LONDON Weaker-than-expected economic growth in Japan weighed on markets Monday on what is a fairly light day on the global economic calendar.
The main economic indicator of the day was the 2.6 percent annualized second-quarter growth rate recorded in Japan, the world's third-largest economy. The number was below the 3.8 percent rate recorded in the first quarter and the 3.6 percent predicted by analysts and dented sentiment around the world.
Investors are concerned that the big monetary stimulus that is being pursued by the government may not be reaping the rewards hoped for. Japan is trying to come out of a two-decade economic stagnation. The Nikkei 225 index slid back following the news, to end the day 0.7 percent lower at 13,519.43, while the yen fell. The dollar was up 0.5 percent at 96.80 yen.
The slower growth could make it difficult for Prime Minister Shinzo Abe to carry out plans to raise the sales tax by 3 percentage points in April to improve public finances. The tax is now 5 percent.
"Raising the consumption tax is key to long-term fiscal consolidation in Japan," said Lee Hardman, an analyst at Bank of Tokyo-Mitsubishi UFJ. He said that if Abe doesn't raise the tax as planned, he "would risk undermining foreign investor confidence" in his policies.
Following the Japanese news, stocks in Europe and Wall Street futures drifted lower amid a dearth of economic data.
Britain's FTSE 100 shed 0.3 percent to 6,566 while Germany's DAX fell 0.8 percent to 8,271. The CAC-40 in France was 0.4 percent lower at 4,059.
On Wall Street, Dow futures were pointing to a 0.4 percent fall at the open while the broader S&P futures showed a 0.5 percent retreat. Last week, U.S. stocks suffered their worst week since June amid worries over when the U.S. Federal Reserve will start to reduce its monetary stimulus. Recent comments from a raft of Fed officials have indicated that it may start as soon as September.
This week's U.S. economic data, including retail sales figures for July, will be assessed in the context of when the Fed will begin the so-called tapering.
Michael Hewson, senior market analyst at CMC Markets, said it seems investors are becoming concerned about the Fed's timing and reluctant to push stock indexes any higher.
"Given the proximity to all-time highs it appears that prudence is taking precedence over risk, with little in the way of new factors to stimulate new buying," he added.

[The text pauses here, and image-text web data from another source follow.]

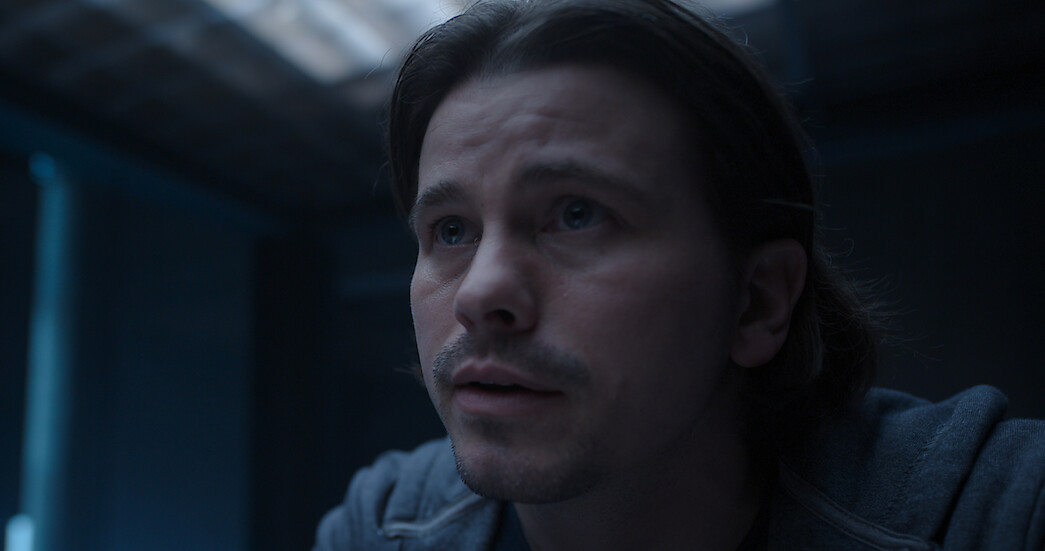 The Crooked Man Has Returned Raising Dion S2E2 Netflix Tudum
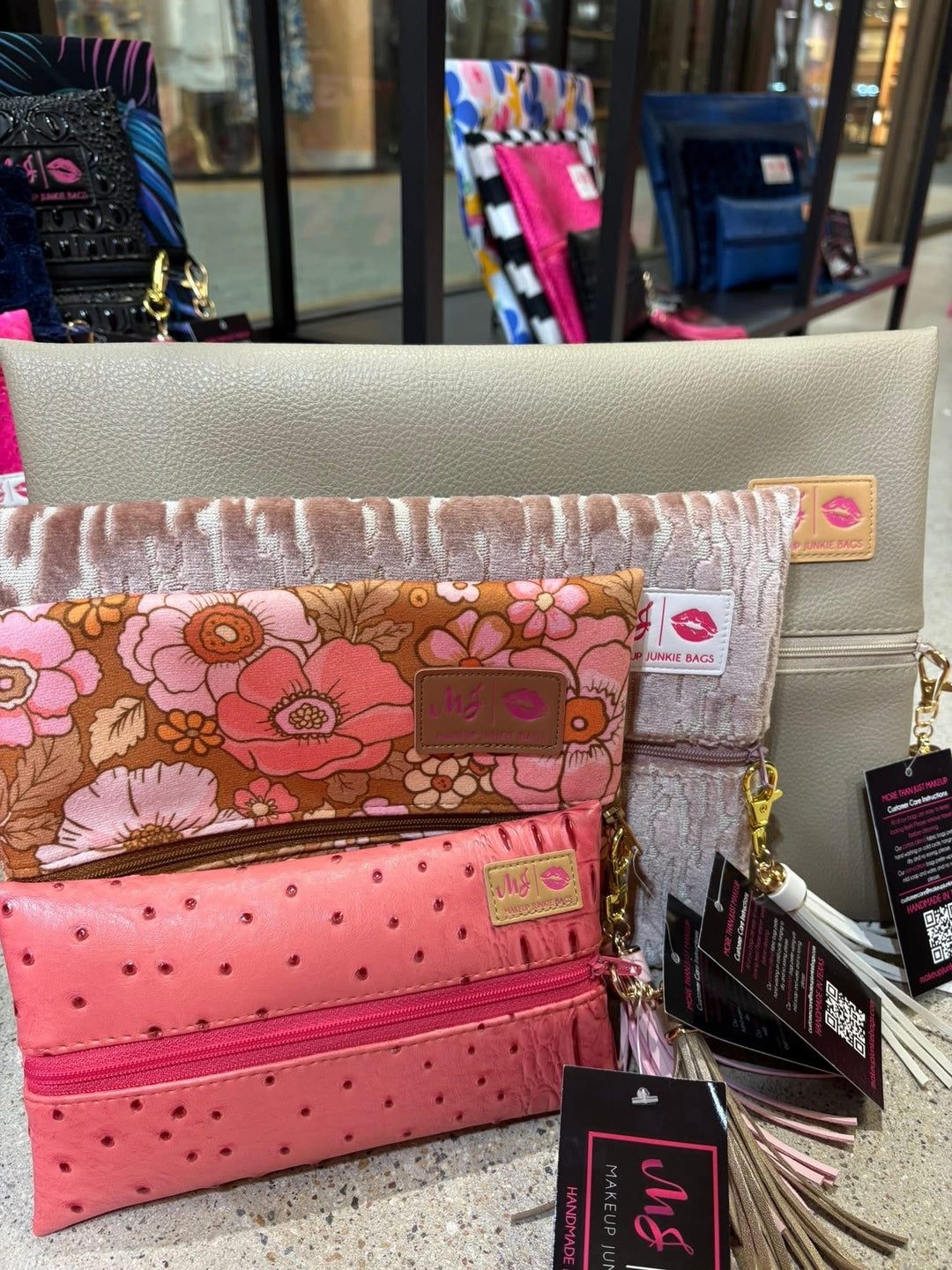 Darling Mixed Set by Makeup Junkie (Ships in 2-3 Weeks)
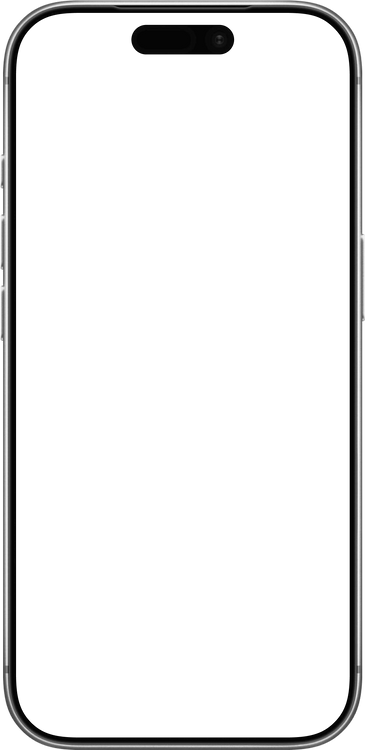 iPhone Mockup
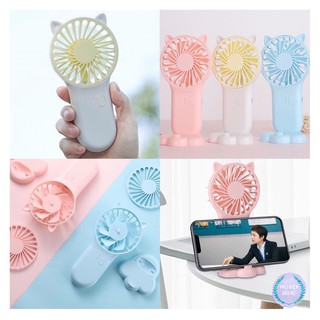 Quạt Pin Cầm Tay Mini
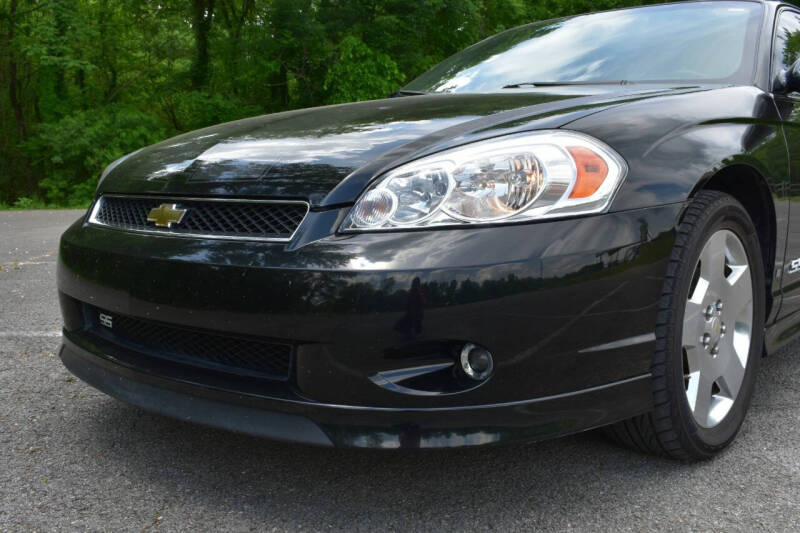 2007 Chevrolet Monte Carlo SS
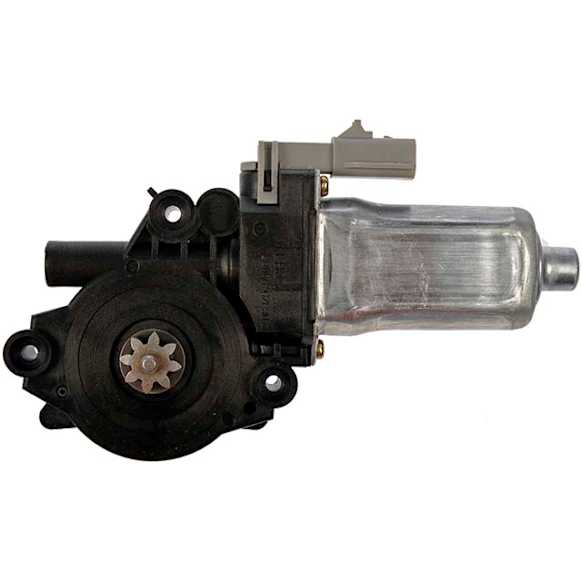 2004 Dodge Stratus - Front, Passenger Side Window Motor, Sedan, New, OE Solutions Series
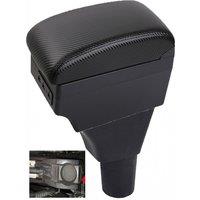For Opel Meriva Armrest Box Opel Meriva Armrest Auto Storage Box Arm Bracing heighten Interior Details Retrofit Part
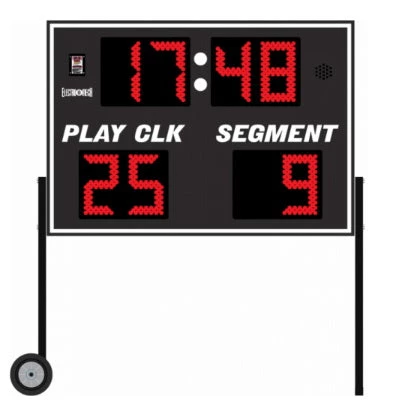 Rae Crowther Co Rae Crowther LX7620 Practice Segment Timer - Scoreboard Face Golden Yellow Scoring Equipment And Shot Clocks 1 Rae Crowther Co Rae Crowther LX7620 Practice Segment Timer - Scoreboard Face Golden Yellow Scoring Equipment And Shot Clocks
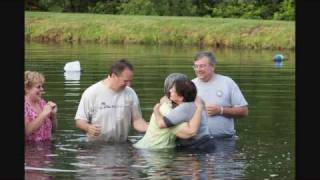 Baptism service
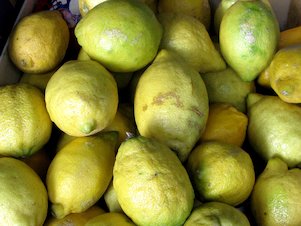 Limones, limones franceses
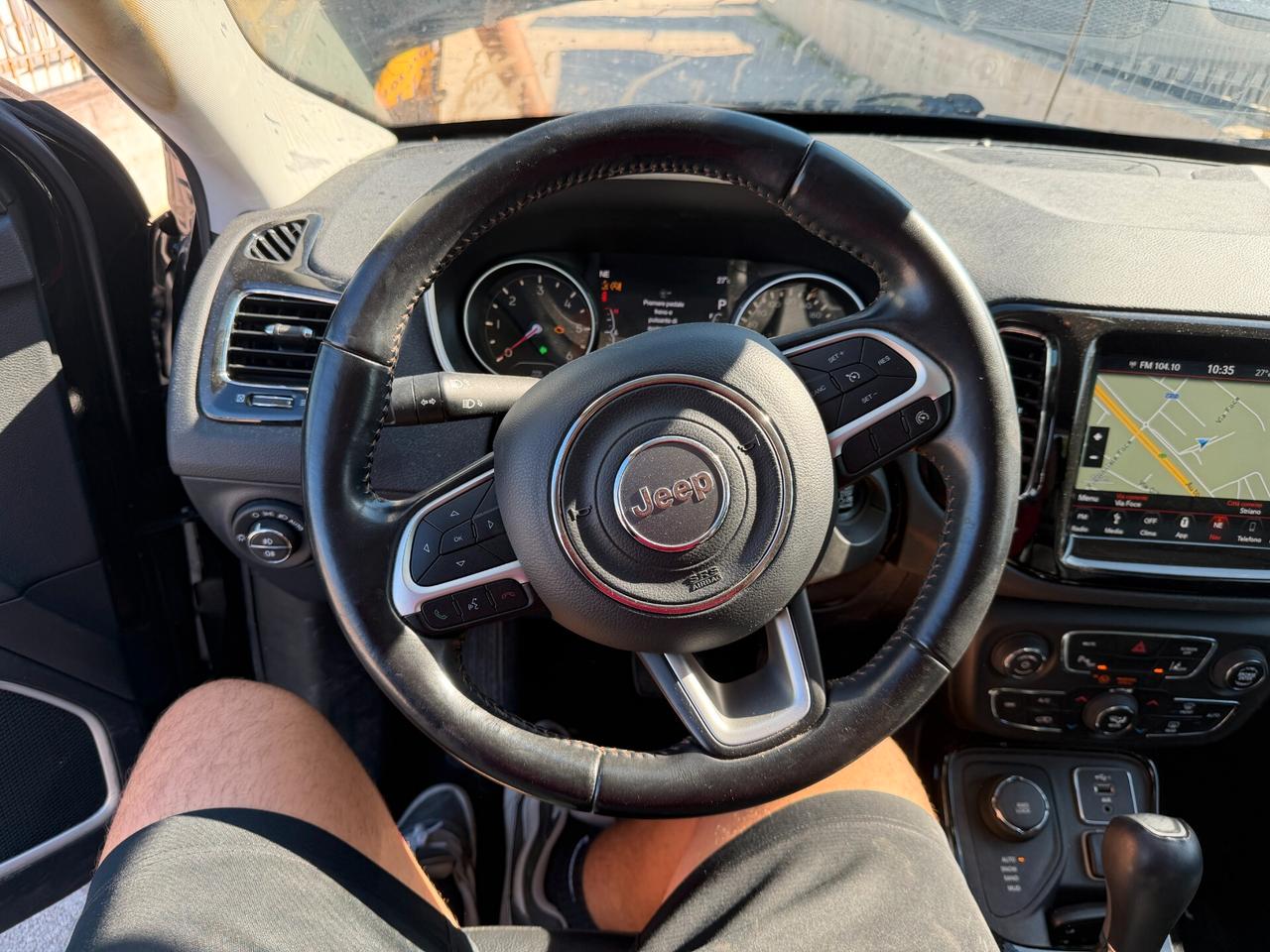 JEEP COMPASS 4X4 ANNO 2020 2.0 DIESEL *AUTOMATICO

In Europe, the main point of interest will be Wednesday's second-quarter economic growth figures for the 17-country eurozone. Most analysts think that the region will post modest growth, which will mean it emerged from recession.
Earlier in Asia, a possible upswing in China's economy helped boost stocks in Hong Kong and on mainland China.
Data released Friday showed a 9.7 percent rise in China's industrial production for July. Some other indicators such as auto sales also showed improvement. Analysts said the figures added weight to the argument that the recent soft patch in the world's second-largest economy may have come to an end.
Hong Kong's Hang Seng jumped 2.1 percent to 22,271.28. The Shanghai Composite Index rose 2.4 percent to 2,101.28. The smaller Shenzhen Composite Index rose 1.3 percent to 1,009.13.
Elsewhere, the euro was 0.3 percent lower at $1.3295 while a barrel of benchmark New York crude oil was 11 cents higher at $106.07.